Thorny Path to Independence
Turbulent events in Kyrgyzstan, where the opposition, reviving together with nature in spring, calls for radical political reforms and premature resignation of President Kurmanbek Bakiev, have strangely coincided with the beginning of drastic reforms in neighboring Tajikistan. However, there is nothing strange in this coincidence. It is quite symbolic that the word ‘reform’ is now hanging in the air in both ex-Soviet republics. This way, ruling elites of former Soviet Central Asian republics seem to be summing up the first stage of their independent development which began 15 years ago with the USSR’s collapse. They now hurry to proceed to the second stage which will allow to completely break with the Soviet past.

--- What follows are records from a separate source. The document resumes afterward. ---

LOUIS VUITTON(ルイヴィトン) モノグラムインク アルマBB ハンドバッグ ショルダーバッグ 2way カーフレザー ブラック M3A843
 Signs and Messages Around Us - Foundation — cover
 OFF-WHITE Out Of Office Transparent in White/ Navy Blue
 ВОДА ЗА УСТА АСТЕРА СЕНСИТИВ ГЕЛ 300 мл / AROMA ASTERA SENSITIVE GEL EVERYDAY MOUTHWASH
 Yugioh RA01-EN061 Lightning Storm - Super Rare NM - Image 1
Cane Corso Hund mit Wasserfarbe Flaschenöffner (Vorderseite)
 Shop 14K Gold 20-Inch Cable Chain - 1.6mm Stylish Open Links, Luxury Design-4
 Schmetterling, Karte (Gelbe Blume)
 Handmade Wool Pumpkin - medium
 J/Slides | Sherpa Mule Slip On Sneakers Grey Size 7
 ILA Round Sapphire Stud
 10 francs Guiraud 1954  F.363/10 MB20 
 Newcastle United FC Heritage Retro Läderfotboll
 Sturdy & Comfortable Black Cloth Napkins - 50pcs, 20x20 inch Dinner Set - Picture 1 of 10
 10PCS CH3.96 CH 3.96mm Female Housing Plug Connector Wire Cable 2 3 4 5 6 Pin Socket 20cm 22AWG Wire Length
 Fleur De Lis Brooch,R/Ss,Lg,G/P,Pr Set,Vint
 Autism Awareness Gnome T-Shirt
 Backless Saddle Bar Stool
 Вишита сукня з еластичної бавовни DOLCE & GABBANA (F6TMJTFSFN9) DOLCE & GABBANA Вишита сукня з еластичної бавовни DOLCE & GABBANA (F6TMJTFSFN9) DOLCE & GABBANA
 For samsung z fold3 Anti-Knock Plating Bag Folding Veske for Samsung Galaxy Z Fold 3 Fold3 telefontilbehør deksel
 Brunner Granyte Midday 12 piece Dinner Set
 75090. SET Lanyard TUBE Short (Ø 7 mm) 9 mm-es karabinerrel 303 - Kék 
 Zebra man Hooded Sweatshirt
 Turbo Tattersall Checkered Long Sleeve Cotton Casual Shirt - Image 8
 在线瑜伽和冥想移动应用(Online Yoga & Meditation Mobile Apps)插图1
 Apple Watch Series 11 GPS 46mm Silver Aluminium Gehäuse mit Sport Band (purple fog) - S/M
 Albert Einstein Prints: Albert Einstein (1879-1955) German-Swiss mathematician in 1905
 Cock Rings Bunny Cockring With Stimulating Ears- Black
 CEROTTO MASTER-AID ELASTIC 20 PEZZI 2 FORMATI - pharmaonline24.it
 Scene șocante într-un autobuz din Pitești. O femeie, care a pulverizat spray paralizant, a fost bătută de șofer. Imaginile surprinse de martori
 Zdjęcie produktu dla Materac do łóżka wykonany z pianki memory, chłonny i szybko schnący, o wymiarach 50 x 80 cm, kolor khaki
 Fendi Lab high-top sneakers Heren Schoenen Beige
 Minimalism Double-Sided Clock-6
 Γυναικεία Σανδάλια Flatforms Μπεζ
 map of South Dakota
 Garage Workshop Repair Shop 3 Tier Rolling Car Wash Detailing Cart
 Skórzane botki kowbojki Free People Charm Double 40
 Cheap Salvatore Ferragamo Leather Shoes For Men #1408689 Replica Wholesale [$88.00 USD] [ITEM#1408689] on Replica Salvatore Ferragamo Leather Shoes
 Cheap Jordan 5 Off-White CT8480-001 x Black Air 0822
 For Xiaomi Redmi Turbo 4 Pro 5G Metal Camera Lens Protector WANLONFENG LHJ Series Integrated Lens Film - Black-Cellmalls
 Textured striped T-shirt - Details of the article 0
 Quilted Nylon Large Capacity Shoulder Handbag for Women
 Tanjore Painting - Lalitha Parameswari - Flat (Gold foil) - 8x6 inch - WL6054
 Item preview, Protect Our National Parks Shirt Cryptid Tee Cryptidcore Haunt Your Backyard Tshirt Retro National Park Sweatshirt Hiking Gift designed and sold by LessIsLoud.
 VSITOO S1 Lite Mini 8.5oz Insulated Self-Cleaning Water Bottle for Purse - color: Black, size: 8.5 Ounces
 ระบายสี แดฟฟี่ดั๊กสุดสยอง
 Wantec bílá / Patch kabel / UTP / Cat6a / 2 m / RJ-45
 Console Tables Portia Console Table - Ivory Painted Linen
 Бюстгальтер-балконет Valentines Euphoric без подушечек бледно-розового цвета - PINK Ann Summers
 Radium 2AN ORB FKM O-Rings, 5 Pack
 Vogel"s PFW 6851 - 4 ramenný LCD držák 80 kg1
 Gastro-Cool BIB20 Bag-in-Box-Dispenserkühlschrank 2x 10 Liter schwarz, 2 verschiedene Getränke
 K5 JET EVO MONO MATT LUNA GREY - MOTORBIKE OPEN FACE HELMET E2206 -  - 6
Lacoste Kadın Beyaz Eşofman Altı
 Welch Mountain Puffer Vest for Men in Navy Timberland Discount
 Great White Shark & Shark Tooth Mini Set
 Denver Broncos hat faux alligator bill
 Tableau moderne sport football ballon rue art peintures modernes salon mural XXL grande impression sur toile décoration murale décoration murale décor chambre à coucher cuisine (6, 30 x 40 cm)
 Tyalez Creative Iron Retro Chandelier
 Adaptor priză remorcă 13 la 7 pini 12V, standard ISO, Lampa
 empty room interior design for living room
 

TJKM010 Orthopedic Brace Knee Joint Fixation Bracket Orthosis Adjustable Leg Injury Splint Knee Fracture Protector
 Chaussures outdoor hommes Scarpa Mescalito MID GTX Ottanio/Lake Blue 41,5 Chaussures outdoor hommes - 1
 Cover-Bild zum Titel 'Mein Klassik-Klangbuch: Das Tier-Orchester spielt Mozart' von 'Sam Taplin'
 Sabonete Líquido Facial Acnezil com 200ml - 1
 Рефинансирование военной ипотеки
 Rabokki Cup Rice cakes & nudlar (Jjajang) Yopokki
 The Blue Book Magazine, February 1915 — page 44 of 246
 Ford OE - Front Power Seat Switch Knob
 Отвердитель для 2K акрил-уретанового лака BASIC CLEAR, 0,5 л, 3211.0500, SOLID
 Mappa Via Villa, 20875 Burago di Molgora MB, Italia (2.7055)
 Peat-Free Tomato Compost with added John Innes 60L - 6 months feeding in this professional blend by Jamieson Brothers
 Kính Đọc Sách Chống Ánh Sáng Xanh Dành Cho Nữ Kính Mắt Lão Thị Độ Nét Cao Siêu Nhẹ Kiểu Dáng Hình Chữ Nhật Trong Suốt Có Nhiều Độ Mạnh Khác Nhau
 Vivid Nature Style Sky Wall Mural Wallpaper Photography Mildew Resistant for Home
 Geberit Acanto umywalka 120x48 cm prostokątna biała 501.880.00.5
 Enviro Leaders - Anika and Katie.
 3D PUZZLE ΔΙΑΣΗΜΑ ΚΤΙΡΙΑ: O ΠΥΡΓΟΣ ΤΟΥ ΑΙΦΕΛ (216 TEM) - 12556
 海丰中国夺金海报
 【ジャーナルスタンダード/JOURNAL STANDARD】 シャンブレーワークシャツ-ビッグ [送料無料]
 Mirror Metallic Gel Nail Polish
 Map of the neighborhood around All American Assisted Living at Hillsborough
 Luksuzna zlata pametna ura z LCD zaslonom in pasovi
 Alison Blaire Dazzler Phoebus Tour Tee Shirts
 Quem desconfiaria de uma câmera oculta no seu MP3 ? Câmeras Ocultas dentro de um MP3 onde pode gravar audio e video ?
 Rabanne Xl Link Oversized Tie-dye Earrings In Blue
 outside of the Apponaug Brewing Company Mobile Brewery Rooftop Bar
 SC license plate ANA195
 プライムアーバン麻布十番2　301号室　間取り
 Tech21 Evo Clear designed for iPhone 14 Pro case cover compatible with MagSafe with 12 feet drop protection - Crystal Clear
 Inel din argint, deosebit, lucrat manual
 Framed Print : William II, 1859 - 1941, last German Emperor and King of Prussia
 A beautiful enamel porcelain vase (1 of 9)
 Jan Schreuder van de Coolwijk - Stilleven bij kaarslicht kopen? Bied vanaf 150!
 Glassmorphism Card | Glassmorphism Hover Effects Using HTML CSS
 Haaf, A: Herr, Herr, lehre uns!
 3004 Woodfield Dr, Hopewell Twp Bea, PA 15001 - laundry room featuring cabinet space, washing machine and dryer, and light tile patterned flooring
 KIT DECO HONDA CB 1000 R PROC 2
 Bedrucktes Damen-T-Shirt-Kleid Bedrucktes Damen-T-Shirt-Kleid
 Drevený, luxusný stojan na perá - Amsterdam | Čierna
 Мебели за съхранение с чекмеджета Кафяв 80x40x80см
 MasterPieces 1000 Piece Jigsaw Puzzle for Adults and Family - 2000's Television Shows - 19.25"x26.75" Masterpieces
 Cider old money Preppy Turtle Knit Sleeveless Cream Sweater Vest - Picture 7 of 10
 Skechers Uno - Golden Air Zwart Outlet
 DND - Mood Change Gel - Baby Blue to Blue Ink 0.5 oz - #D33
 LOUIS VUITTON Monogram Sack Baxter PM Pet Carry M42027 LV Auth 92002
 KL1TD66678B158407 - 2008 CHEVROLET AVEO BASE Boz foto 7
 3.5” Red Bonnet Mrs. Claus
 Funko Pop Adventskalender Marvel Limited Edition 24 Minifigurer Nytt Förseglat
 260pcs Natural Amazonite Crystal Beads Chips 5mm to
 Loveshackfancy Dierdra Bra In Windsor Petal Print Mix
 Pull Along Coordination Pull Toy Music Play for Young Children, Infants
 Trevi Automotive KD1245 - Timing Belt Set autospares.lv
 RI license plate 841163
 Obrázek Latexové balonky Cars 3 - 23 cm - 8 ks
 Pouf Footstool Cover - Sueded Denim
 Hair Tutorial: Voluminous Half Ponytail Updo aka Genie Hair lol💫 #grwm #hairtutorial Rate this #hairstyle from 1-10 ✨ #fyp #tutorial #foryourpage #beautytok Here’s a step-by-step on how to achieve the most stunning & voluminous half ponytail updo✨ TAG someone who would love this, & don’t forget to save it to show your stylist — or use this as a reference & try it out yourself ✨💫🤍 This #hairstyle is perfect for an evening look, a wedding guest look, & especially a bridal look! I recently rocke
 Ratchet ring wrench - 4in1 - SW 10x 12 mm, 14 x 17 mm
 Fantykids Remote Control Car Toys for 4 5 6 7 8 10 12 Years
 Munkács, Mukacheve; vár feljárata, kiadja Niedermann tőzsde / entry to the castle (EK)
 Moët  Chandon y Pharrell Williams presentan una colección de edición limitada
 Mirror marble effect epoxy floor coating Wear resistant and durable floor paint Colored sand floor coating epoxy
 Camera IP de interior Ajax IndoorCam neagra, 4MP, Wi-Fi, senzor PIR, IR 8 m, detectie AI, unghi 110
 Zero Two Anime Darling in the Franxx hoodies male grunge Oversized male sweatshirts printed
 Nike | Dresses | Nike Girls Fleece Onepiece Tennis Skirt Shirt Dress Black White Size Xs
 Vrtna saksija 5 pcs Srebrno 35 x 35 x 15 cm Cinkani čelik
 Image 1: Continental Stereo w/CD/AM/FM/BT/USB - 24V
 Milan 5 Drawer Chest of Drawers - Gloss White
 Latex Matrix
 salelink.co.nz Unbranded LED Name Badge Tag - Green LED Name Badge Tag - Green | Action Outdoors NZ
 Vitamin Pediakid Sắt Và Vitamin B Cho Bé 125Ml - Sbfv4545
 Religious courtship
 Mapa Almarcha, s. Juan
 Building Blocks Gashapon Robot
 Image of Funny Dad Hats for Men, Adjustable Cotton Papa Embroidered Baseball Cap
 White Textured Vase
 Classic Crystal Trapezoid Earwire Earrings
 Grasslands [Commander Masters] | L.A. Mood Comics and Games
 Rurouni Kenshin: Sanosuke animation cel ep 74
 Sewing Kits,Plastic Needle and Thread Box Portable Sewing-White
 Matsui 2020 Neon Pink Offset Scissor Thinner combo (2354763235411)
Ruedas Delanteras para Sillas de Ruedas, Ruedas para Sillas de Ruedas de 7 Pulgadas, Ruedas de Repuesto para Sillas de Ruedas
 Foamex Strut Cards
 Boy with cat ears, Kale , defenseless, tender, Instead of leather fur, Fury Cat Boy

Here the most intriguing part begins. For it turns out there are at least two patterns or strategies for further development of the independent states at the CIS southern side. First can be nominally termed a ‘Turkmeno-Tajik’ pattern. In this case, ruling former Soviet internationalists appear in the guise of present-day local nationalists. They replace Communist ideology by the ideas based on a bizarre mixture of the chief’s works, Koran, and history textbooks. Those textbooks narrate about the great past in a quite arbitrary way, and this great past wonderfully replaces the future. That is how a new post-Soviet mythology is being created. Its purpose is to become a ferroconcrete foundation for new political power. Meanwhile, the new power makes it clear, on the one hand, that it has thrown off the old skin, and remains authoritarian on the other hand. That is the sense of the ‘reforms’ carried out by late Saparmurat Niyazov in Turkmenistan, and continued by his follower Emomali Rakhmonov in Tajikistan. Actually, not Rakhmonov, but already Rakhmon, it’s time to get used to it. The attributes of this pattern are the irremovability of authorities, the complete lack of political competition and of any movement of air in the society’s life. Thus, it means stability with the minimal level of needs and demands of the society incapable or unwilling to leave its patriarchal-feudal cocoon.
The second pattern, alternative to the ‘Turkmeno-Tajik’ one, may be nominally termed ‘Kyrgyz’. The same oriental, clan society with the same inherent vices throws off old skin in a completely different way. It does not return to its ‘great past’ and does not create a new mythology, like it happens in Turkmenistan and Tajikistan, but prefers to live on a volcano: it dooms itself to instability, easily casts down some cult-figures and lifts up others, creates real political parties and public organizations, has its own independent parliament and not an obedient voting machine.
This pattern, in the long run, leaves more chances for the state and the society to once overcome the developmental disease and to become a normal state, no matter how many blunders the leaders of Kyrgyz ‘tulip revolution’ make now and later, and no matter how many of those revolutions happen.